**Exercise prompt**
Please set down, with no changes, every line of the material below from the one containing "辣妹V領掛脖條紋連衣裙" through the end. Skip the pictures.

**Source material**
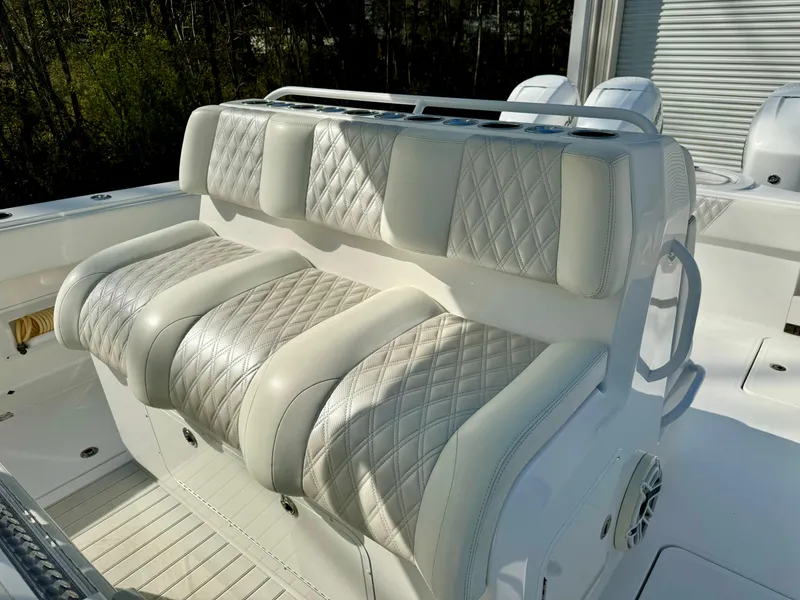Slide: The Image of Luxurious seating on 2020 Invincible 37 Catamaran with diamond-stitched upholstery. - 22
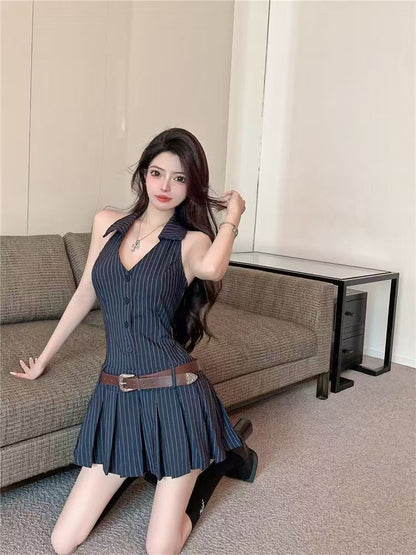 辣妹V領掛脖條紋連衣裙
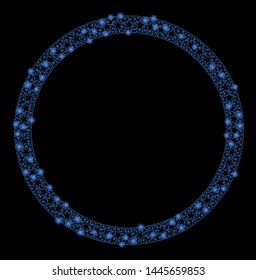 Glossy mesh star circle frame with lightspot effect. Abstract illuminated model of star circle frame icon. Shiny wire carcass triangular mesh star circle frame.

**Solution below**
 辣妹V領掛脖條紋連衣裙
 Glossy mesh star circle frame with lightspot effect. Abstract illuminated model of star circle frame icon. Shiny wire carcass triangular mesh star circle frame.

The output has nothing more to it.